Fotocopias colombianas

A la pregunta “¿Qué quieres ser cuando grande?”, los creadores de fanzines responden, inequívocamente, “punk”. La estética de la autogestión, la transgresión y el “hazlo tú mismo” tienen una historia en Colombia que acaba de ser reunida en una exposición. ¿Dónde comenzó esta movida que hoy es valorada y celebrada?

2014/07/23

Por Lina vargas

La historia de los fanzines en Colombia empezó en Medellín a mediados de los años ochenta. La ciudad era violenta y muchos de sus habitantes apenas si se atrevían a salir de la casa. Todos los días había muertos y por las noches —cuentan quienes vivieron allí—solo salían prostitutas, drogadictos y travestis. Y también punks. Era gente con pocas opciones —entre 1988 y 1991, 3.000 jóvenes fueron asesinados— que andaba con camisetas rotas, botas militares y el pelo parado. Iban a conciertos en el garaje de alguna casa o se encontraban en el cerro El Volador y la Universidad de Antioquia para intercambiar casetes grabados por ellos mismos y material sobre las bandas locales que intentaban imitar el punk de afuera, pero que terminaron creando un estilo propio, potente y desgarrador, conocido como Punk Medallo. Uno de ellos es José Juan Posada, fundador de la banda IRA, quien 20 años después, señala el afiche del compilado musical: La ciudad podrida. Vol. I y dice: “Todo ese pánico lo poníamos en ruido e imágenes violentas. Explotaban bombas, había masacres y mientras tanto nosotros hacíamos ruido porque igual nos íbamos a morir”. El afiche es un collage en cuyo fondo está una foto de Medellín que, según Posada, fue tomada desde un cementerio, sobre la que se alzan edificios hechos con recortes de prensa y punks bailando en primer plano. Era un fanzine aunque ellos no lo sabían.

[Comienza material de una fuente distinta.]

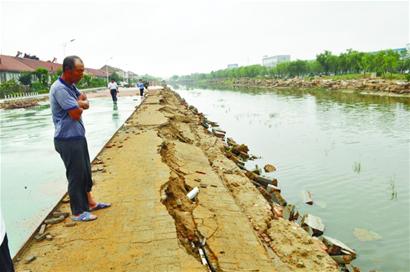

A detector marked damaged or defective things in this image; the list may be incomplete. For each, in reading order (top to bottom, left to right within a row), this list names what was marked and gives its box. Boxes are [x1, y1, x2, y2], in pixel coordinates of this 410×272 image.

broken concrete block [302, 215, 324, 236]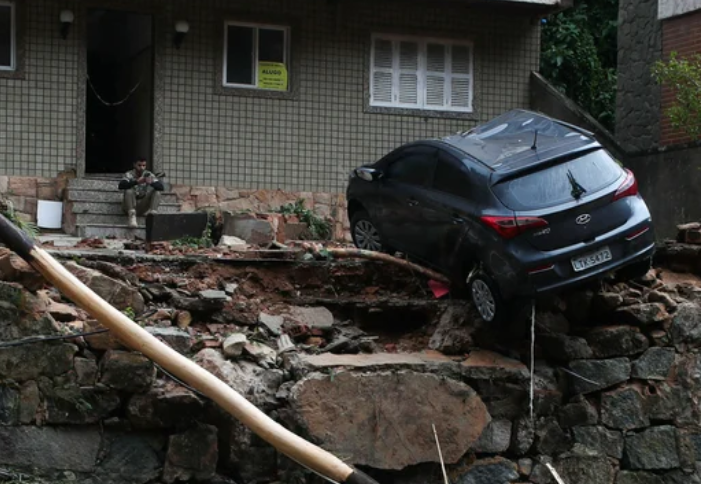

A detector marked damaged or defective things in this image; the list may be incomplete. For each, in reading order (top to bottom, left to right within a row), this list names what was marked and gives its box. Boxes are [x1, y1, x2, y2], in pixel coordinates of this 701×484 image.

broken concrete slab [144, 211, 206, 242]
damaged dark hatchback car [348, 109, 652, 322]
broken concrete slab [298, 348, 528, 382]
broken concrete slab [288, 370, 490, 468]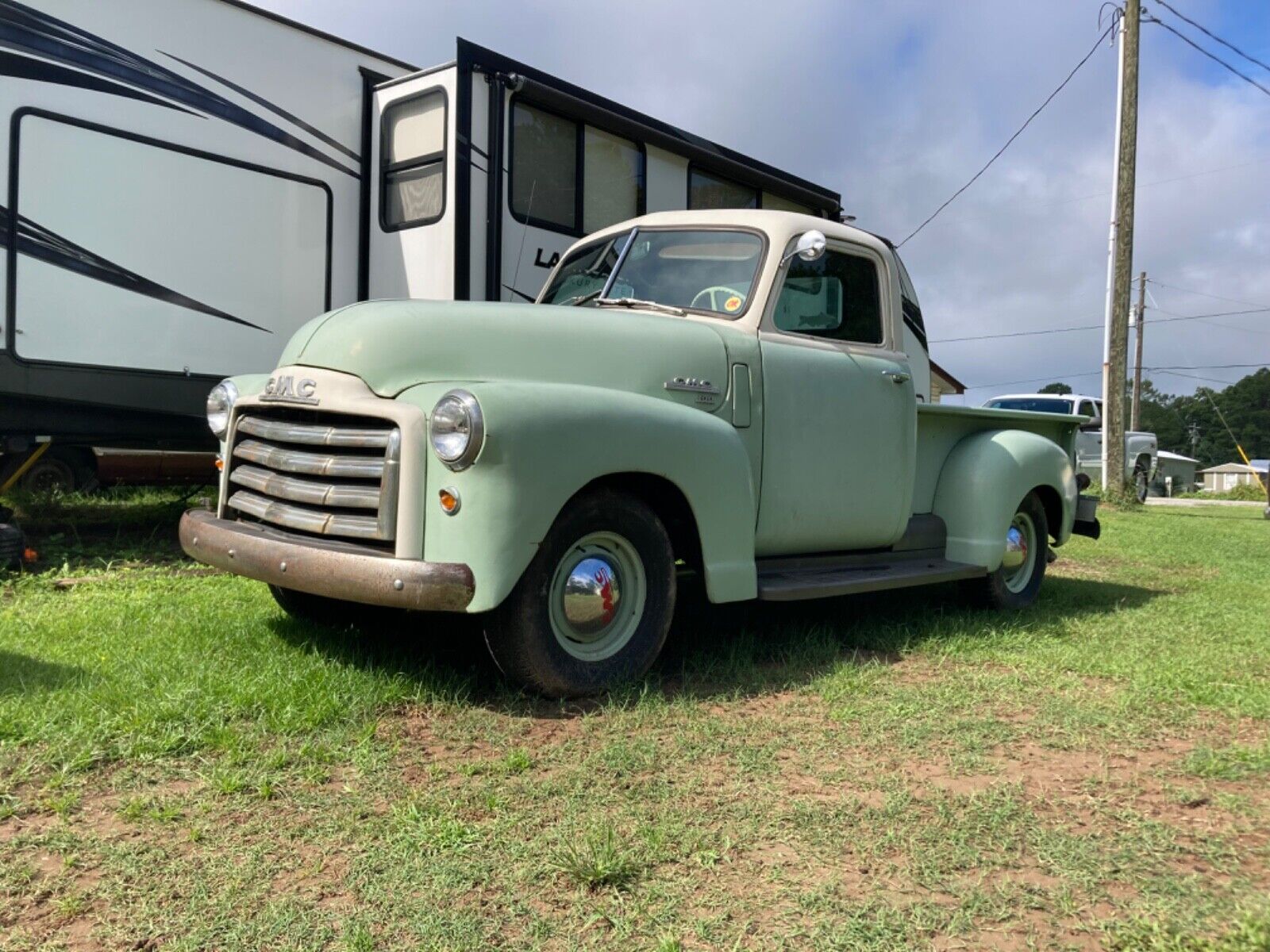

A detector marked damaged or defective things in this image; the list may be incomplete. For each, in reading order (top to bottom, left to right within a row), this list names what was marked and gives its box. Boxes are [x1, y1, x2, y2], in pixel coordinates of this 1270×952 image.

rusty front bumper [181, 510, 475, 614]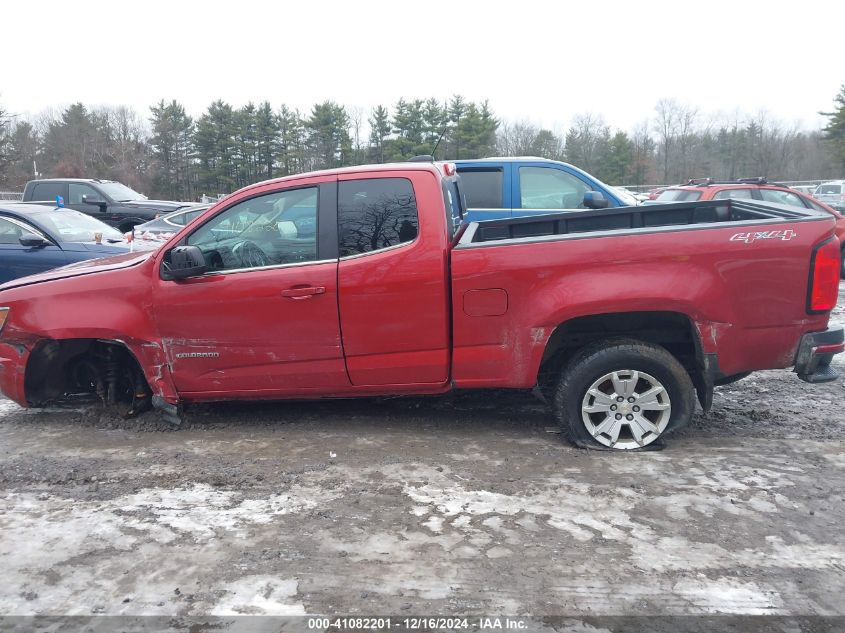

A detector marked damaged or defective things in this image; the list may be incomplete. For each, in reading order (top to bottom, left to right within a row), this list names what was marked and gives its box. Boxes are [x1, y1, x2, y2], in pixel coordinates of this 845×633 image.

exposed wheel well [24, 338, 150, 408]
exposed wheel well [536, 312, 704, 400]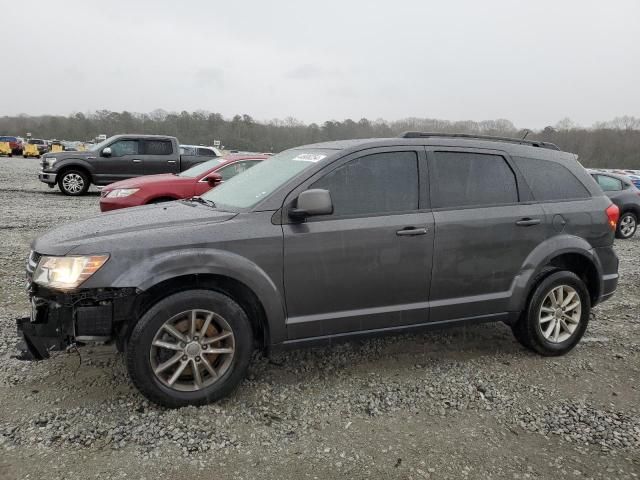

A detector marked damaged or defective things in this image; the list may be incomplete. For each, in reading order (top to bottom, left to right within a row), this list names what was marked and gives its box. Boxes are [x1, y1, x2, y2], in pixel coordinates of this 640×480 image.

damaged front bumper [16, 284, 138, 360]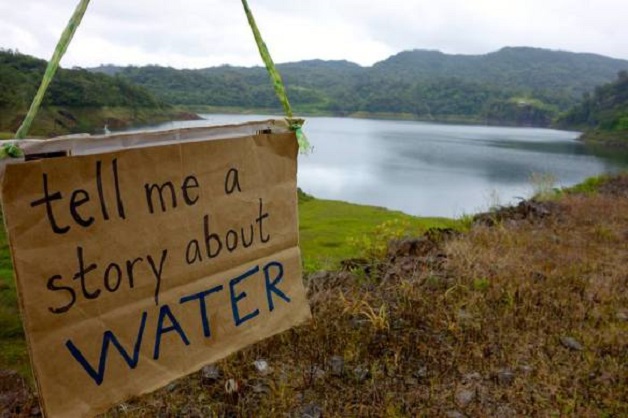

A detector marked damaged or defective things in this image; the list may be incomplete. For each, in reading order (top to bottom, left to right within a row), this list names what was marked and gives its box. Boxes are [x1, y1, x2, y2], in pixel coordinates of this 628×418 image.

torn cardboard corner [1, 121, 310, 418]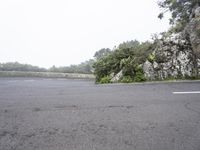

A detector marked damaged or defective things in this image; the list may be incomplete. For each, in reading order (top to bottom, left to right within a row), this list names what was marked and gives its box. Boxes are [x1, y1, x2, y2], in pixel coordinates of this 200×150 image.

cracked asphalt [0, 78, 200, 149]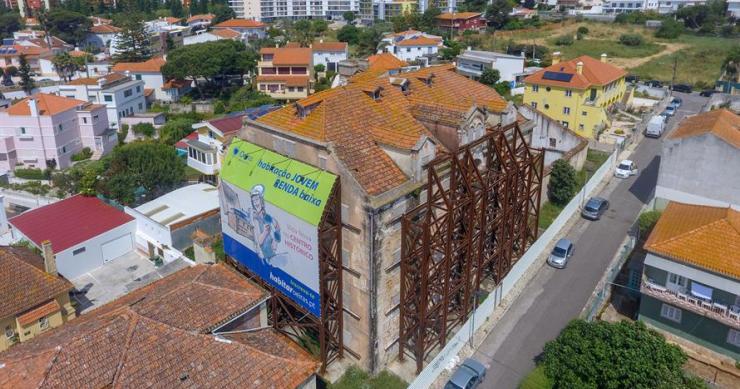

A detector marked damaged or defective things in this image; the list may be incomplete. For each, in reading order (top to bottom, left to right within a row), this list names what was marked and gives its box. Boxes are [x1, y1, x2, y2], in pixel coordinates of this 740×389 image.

rusted metal scaffolding [227, 180, 342, 372]
rusted metal scaffolding [398, 123, 544, 372]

Los fanzines, que en teoría son publicaciones realizadas de manera independiente por aficionados a un tema específico, surgieron en los años treinta en Estados Unidos. El artista e ilustrador Boris Greiff, creador del fanzine Ficciorama, cuenta que los primeros en escribirlos fueron fanáticos de la ciencia ficción que solían enviar artículos a revistas comerciales que a duras penas aparecían en la sección de cartas. Entonces hicieron sus propias publicaciones que, como era de esperarse, no se distribuían más allá de los lectores de ciencia ficción. Varios años después el rock and roll llegó y los adolescentes, una población inexistente para el mercado, utilizaron los fanzines para divulgar sus gustos musicales. Todo esto viajó a Inglaterra, donde en los años setenta el punk adquiría su estética de taches, nodrizas y crestas y un componente contracultural que se vio reflejado en las publicaciones subterráneas. “El punk dio un valor estético al fanzine y lo convirtió en un medio de agitación —dice Greiff—. Los adolescentes los crearon como órgano de difusión de la nueva onda musical”.

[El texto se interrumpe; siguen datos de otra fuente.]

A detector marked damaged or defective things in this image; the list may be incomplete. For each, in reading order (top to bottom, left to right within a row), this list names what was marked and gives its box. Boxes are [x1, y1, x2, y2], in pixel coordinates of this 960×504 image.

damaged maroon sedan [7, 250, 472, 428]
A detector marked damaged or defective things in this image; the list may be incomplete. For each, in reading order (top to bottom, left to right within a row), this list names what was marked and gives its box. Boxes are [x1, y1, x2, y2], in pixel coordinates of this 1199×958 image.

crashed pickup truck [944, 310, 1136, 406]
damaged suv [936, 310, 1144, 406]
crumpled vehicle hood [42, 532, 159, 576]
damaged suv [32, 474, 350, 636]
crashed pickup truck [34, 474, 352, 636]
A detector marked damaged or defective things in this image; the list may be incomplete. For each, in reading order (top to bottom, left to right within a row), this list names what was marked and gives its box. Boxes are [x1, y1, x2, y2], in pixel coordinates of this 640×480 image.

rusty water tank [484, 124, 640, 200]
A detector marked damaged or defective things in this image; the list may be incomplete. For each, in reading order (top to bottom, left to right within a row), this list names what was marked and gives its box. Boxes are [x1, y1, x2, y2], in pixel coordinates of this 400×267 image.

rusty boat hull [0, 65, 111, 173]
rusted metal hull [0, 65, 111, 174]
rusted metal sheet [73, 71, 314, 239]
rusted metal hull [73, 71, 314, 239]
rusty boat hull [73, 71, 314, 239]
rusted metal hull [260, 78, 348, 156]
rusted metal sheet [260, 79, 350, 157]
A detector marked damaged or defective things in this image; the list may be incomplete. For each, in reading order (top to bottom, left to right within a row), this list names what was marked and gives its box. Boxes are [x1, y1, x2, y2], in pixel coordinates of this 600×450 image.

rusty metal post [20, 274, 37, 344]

Posada lo vivió en Medellín. Mientras recorre la exposición Discursos alternos: el fanzine de los años 80 y 90 y comienzos del nuevo milenio en Colombia, organizada por el grupo de investigación La Fotocopias colombianas Ramona Proyectos en la Fundación Alzate Avendaño de Bogotá, dice que en una ciudad donde la gente vivía escondida, los fanzines fueron una herramienta para hablar sobre las bandas. “Como estábamos separados y no nos podíamos sentar en un andén por-que nos mataban, nos conocimos a través de los fanzines”. Más que fanzines, para ellos eran revistas, volantes y afiches con recortes de prensa, dibujos de tipos vomitando, militares rabiosos y caricaturas de las bandas, hechos de afán, en fotocopias y sin mucha técnica, pero con la misma intensidad del punk.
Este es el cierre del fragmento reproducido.